> What you have to do:
Quote the lines below exactly, from the one that holds "Interspar Flugblatt (ab" through the final line of the records, and only those.

[[ Data for review open ]]

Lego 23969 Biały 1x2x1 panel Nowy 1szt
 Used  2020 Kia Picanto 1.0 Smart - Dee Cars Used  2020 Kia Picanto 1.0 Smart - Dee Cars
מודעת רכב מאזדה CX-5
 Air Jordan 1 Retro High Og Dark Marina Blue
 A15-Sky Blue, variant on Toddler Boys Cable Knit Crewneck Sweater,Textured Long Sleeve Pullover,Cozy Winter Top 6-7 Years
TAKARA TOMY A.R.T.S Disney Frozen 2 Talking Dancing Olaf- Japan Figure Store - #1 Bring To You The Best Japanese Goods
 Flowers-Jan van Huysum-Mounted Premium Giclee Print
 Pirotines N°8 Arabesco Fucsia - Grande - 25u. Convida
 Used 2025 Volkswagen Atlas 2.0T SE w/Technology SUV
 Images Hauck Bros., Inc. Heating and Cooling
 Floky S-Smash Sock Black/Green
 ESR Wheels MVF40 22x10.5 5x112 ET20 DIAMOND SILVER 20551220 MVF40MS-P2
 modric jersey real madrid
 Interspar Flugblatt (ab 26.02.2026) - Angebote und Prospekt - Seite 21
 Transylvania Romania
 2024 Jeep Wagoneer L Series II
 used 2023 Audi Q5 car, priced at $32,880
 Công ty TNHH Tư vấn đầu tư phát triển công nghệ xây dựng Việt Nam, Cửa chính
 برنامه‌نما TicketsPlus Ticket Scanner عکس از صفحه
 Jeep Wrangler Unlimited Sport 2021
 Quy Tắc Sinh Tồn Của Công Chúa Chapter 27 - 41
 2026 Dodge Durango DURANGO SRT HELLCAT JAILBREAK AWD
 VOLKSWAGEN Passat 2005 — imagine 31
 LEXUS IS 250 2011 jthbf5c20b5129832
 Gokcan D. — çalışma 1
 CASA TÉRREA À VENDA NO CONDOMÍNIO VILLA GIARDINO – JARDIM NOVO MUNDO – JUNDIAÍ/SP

[[ Data for review closed ]]

> Response to the task:
 Interspar Flugblatt (ab 26.02.2026) - Angebote und Prospekt - Seite 21
 Transylvania Romania
 2024 Jeep Wagoneer L Series II
 used 2023 Audi Q5 car, priced at $32,880
 Công ty TNHH Tư vấn đầu tư phát triển công nghệ xây dựng Việt Nam, Cửa chính
 برنامه‌نما TicketsPlus Ticket Scanner عکس از صفحه
 Jeep Wrangler Unlimited Sport 2021
 Quy Tắc Sinh Tồn Của Công Chúa Chapter 27 - 41
 2026 Dodge Durango DURANGO SRT HELLCAT JAILBREAK AWD
 VOLKSWAGEN Passat 2005 — imagine 31
 LEXUS IS 250 2011 jthbf5c20b5129832
 Gokcan D. — çalışma 1
 CASA TÉRREA À VENDA NO CONDOMÍNIO VILLA GIARDINO – JARDIM NOVO MUNDO – JUNDIAÍ/SP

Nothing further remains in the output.